■ WORK REQUIRED ■
Needed from the data below: all lines that contain the word "online".

■ EXCERPTED RECORDS ■

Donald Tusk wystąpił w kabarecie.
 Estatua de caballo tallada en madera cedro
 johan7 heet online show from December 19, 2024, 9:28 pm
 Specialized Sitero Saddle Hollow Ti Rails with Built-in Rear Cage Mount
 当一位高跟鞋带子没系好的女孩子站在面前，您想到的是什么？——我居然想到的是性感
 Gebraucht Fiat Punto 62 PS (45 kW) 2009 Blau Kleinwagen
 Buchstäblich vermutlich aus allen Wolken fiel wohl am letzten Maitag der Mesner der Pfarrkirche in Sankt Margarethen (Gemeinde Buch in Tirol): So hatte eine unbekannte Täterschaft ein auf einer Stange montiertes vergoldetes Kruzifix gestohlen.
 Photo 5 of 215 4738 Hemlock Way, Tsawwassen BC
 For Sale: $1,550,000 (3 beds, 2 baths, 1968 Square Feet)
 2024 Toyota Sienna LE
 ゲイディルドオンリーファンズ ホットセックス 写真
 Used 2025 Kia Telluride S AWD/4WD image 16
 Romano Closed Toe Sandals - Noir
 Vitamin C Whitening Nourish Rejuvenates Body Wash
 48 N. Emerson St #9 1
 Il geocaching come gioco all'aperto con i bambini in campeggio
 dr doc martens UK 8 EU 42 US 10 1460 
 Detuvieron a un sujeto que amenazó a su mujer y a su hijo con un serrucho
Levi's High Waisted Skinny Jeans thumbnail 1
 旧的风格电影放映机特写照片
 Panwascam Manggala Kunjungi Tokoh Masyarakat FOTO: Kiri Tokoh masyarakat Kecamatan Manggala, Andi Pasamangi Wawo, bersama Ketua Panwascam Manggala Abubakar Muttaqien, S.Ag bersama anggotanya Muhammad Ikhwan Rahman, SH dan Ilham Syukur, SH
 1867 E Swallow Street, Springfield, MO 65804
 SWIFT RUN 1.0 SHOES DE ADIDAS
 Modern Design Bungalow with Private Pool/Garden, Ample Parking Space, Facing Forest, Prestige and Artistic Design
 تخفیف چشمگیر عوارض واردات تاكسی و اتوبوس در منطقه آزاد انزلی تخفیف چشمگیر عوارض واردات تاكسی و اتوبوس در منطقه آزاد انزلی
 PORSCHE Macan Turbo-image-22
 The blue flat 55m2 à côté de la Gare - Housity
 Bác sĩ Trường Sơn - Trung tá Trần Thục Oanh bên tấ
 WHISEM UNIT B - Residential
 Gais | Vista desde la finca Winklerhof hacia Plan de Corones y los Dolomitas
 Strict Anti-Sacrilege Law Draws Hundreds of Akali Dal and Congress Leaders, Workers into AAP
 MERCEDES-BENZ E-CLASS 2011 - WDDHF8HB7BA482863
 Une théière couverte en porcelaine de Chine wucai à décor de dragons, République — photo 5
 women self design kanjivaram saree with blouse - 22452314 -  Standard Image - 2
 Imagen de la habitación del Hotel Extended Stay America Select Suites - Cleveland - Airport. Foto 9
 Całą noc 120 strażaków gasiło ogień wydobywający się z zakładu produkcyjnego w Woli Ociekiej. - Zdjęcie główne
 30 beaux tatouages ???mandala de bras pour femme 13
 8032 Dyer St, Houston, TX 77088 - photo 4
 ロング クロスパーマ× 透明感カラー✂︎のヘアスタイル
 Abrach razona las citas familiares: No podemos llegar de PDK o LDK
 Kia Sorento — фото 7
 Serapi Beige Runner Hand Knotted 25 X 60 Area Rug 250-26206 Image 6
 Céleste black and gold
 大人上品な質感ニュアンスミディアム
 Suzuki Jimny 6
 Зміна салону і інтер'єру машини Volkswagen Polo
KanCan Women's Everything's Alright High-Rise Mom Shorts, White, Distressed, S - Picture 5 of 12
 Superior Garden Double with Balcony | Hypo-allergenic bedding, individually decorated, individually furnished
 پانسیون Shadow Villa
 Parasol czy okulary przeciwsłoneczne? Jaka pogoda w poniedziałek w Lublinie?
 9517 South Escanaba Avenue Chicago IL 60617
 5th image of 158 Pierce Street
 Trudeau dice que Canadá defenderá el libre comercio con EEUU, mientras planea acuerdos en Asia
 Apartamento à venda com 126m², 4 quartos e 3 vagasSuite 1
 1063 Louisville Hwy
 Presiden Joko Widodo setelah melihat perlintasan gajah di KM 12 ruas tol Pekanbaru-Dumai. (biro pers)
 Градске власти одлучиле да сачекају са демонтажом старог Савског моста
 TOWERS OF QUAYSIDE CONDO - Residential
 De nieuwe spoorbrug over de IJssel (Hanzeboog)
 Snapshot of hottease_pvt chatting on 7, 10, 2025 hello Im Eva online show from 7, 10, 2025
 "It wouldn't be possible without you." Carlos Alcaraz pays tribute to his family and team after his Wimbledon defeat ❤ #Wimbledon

■ ANSWER FOR THIS EXERCISE ■
 johan7 heet online show from December 19, 2024, 9:28 pm
 Snapshot of hottease_pvt chatting on 7, 10, 2025 hello Im Eva online show from 7, 10, 2025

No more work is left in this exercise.